Member of the House of Representatives
- In office 2011–2019
- Constituency: Gezawa/Gabasawa Federal Constituency

Personal details
- Born: 30 May 1967 (age 59) Kano State, Nigeria
- Party: All Progressives Congress
- Occupation: Politician

= Musa Tsamiya Ado =

Nigerian politician

Musa Tsamiya Ado is a Nigerian politician from Kano State who represented the Gezawa/Gabasawa Federal Constituency in the National Assembly. He was initially elected to the House of Representatives as a member of the Peoples Democratic Party (PDP) and served two terms from 2011 to 2015. In 2015, he was re-elected under the All Progressives Congress (APC) and served until 2019.

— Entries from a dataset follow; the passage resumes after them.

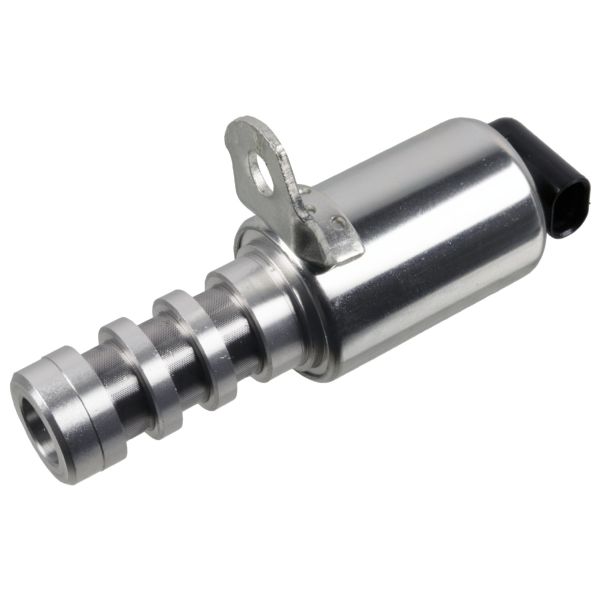 FEBI BILSTEIN FE175430 Camshaft Adjustment Control Valve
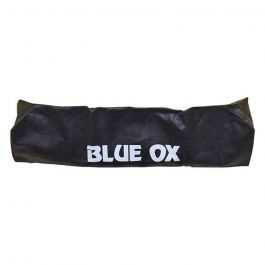 Blue Ox BX8875 Tow Bar Cover fits Alpha 2/ Alpha/ Aladdin/ Aventa LX ...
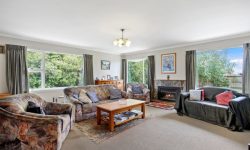 34 Hammersley Avenue, Shirley, Christchur­ch City, Canterbury, 8013, New Zealand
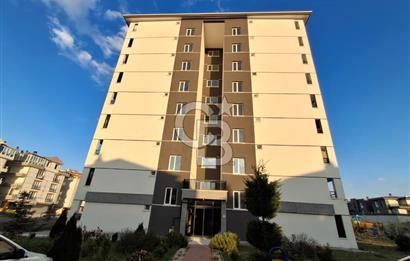 alsancak mahallısı baglıcada hobı bahcelı 3+1 kıralık daıre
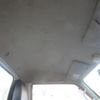 mazda bongo-truck 2019 CFJ1766020 image 38
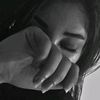 user8457394449454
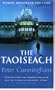 The Taoiseach: Power, Whatever the Cost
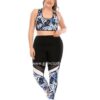 Wholesale Plus Size Active Wear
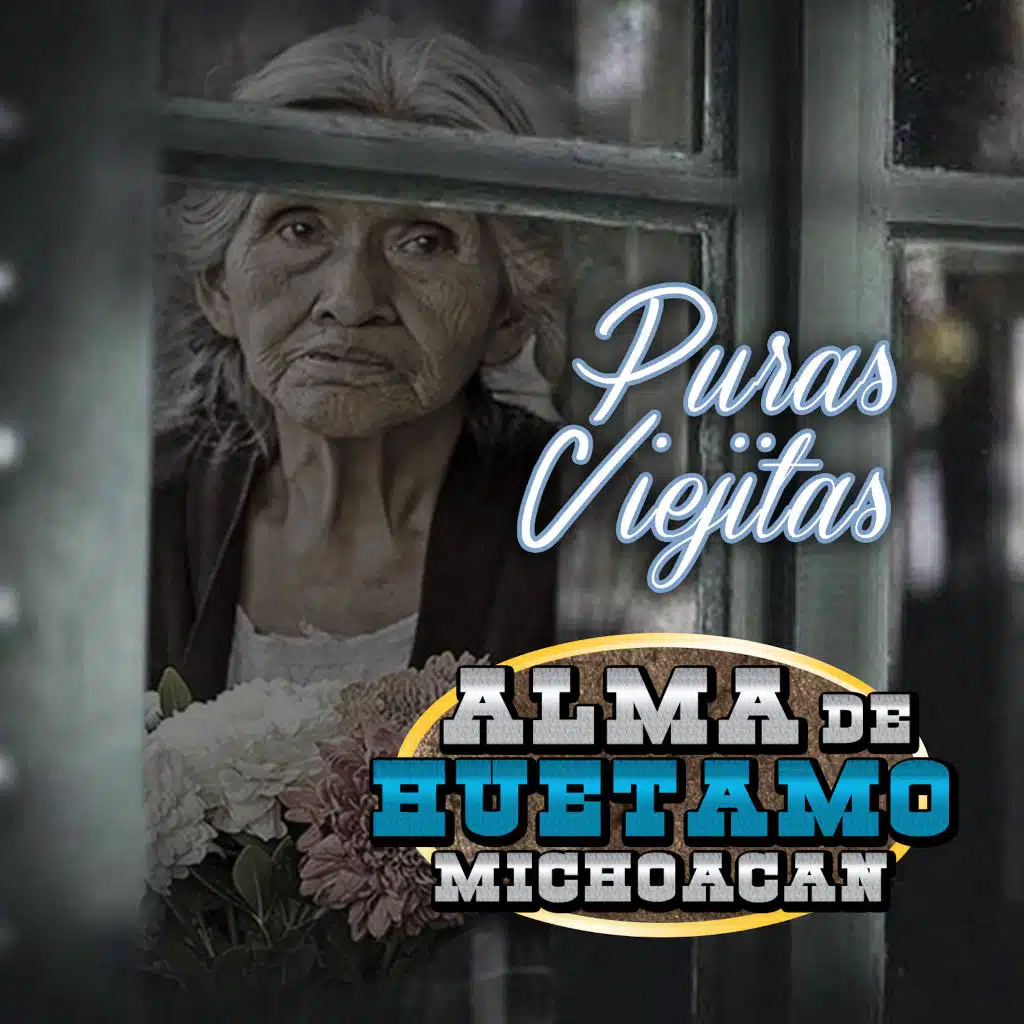 Pajarillo Barranqueno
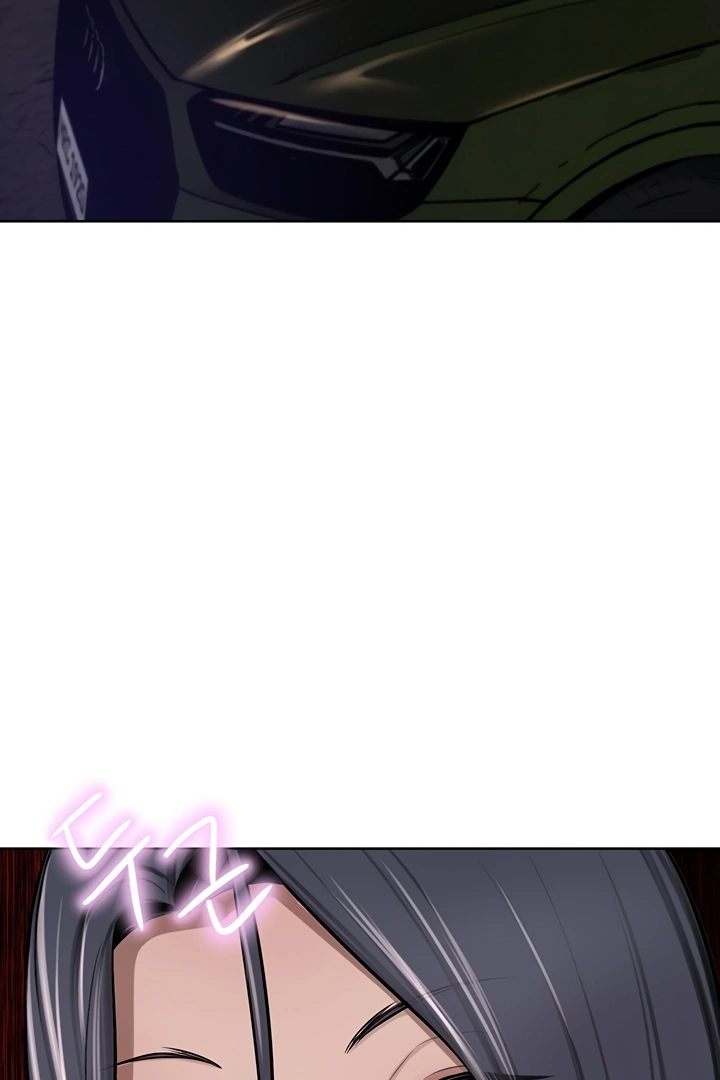 A Rich Lady - Chapter 58 [photo 8] - MangaPorn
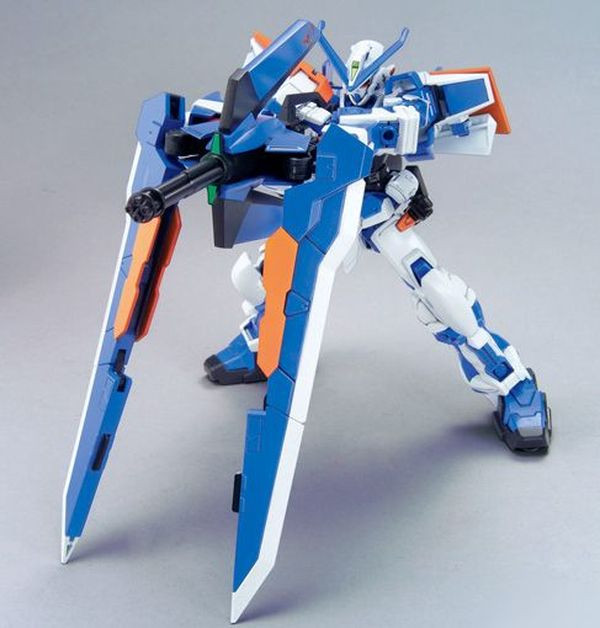 review_gundam_astray_blue_frame_second_l_hg_552021ba93524d4bad74d574f1d59eb2.jpg Gundam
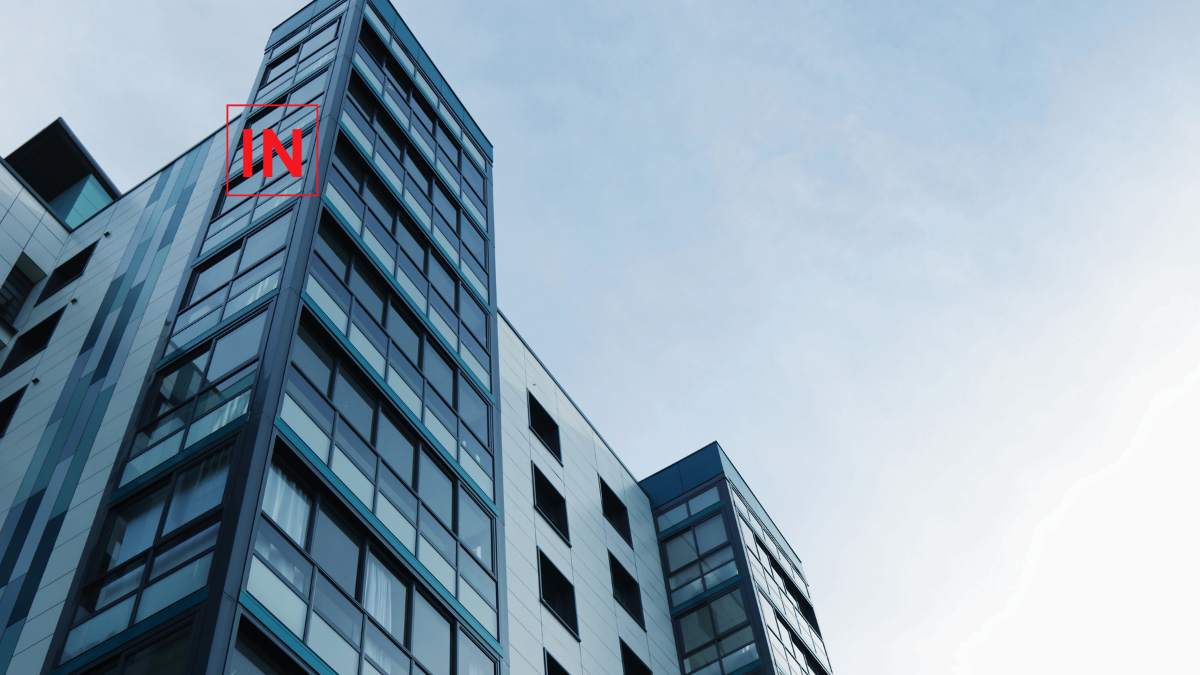 Campinas mantém ritmo positivo no mercado comercial: aluguéis sobem 13,2% e vendas avançam 1,07% em 2025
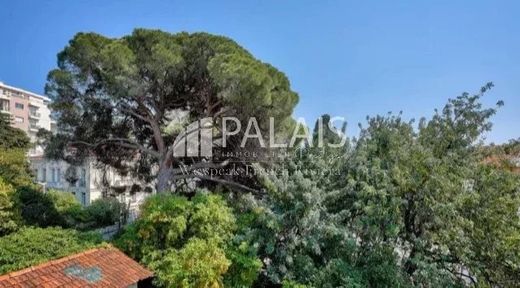 Luxury home in Nice, Alpes-Maritimes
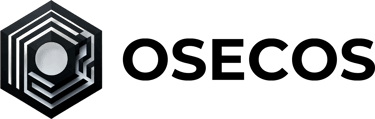 OSECOS logo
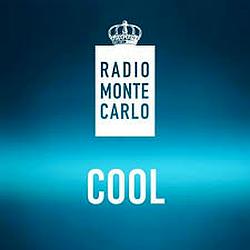 RMC Сool logo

== Early life and education ==
Musa Tsamiya Ado was born on 30 May 1967, in Kano State, Nigeria. He completed his education at the Teacher's College in Kano, where he earned a Grade II certificate.

== Political career ==
Musa Tsamiya Ado was first elected in 2011 to represent the Gezawa/Gabasawa Federal Constituency in the National Assembly under the Peoples Democratic Party (PDP) for the 2011-2015 term. He was re-elected in 2015 under the All Progressives Congress (APC) and served until 2019. He succeeded Abduwa Gabasawa Nasiru and was succeeded by Mahmoud Mohammed in 2023. He was appointed by Governor Abba Yusuf as Special Adviser, Drainages in 2023.